[ 
https://issues.apache.org/jira/browse/HADOOP-14898?page=com.atlassian.jira.plugin.system.issuetabpanels:comment-tabpanel&focusedCommentId=16381264#comment-16381264
 ] 

Anu Engineer commented on HADOOP-14898:
---------------------------------------

{quote}The infra process linked through the document (INFRA-12781) wasn't clear 
to me. We create branches- this proposes a base image, {{hadoop2}}, and 
{{hadoop3}}- and that will be pushed to the ASF repo on Docker Hub?
{quote}
[~chris.douglas] Thanks for the comments. ([~elek] Please correct me I am 
saying something stupid. With the caveat that my understanding is not very deep 
on this. I will try to answer this to the best of my understanding)
 # We will have 2 base images – one for version 2 of Hadoop and one from 
version 3 of Hadoop.
 # When we deploy an image, for example, {{docker-compose pull; docker-compose 
up}} what happens is that we will pull down these base images and start 2 or 
more containers.
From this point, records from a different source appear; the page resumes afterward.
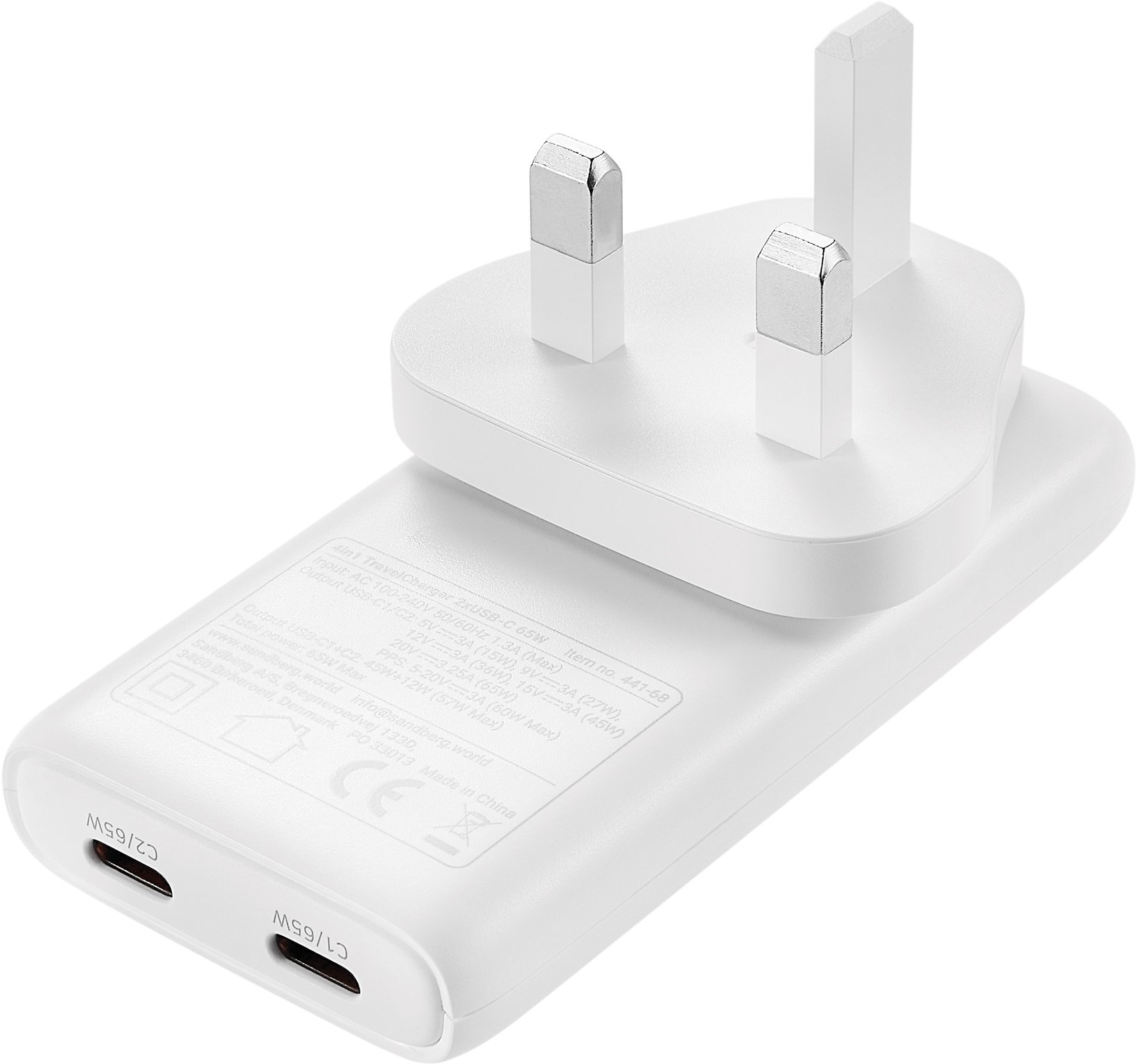 Karikues udhëtimi Sandberg 4in1 Travelcharger, 2x USB C, 65W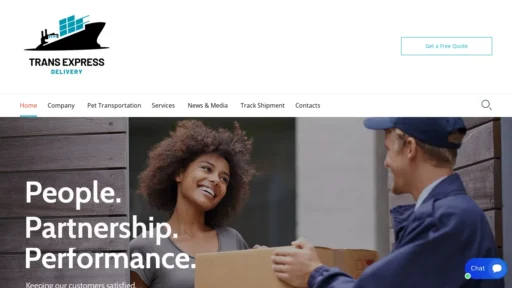 A screenshot of Transexpressdeliveryltd.com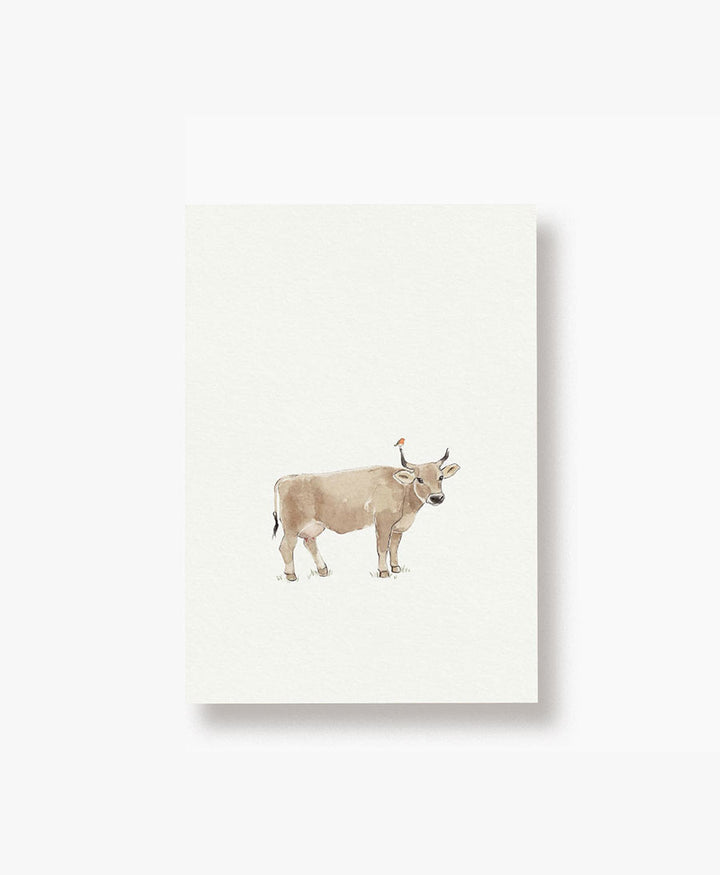 Postkarte "Kuh und Rotkehlchen"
One or more Namenode and a set of data nodes.
 # docker-compose command will work directly against the docker-hub. When we 
release a new version of Hadoop, we will create the corresponding base images – 
I asked [~elek] in a private conversation if we need one image per release and 
we thought we don't need it for now, since the base images are very similar for 
each release, so we don't expect to see much change between the images – hence 
one base image for Hadoop 2 and another one for Hadoop 3.
 # In the release tarball, we will ship the base image or leave a pointer to 
the new base image – so that PMC can try this out and approve it. One major 
win, at least in my mind is that more developers(PMC members will be willing to 
try out these applications, hence it is a single command to launch a docker 
based Hadoop Cluster).
 # Once the release is signed off, we will push those base images to DockerHub. 
The dockerHub account credentials are something that INFRA owns, so will have 
to file a ticket to update these images, since we are going to use Apache 
DockerHub Account. I am told many other Apache projects follow this process.

If you like, *I can set up a call so we discuss and hash out the details*. 
Please let me know if that is something that will be useful.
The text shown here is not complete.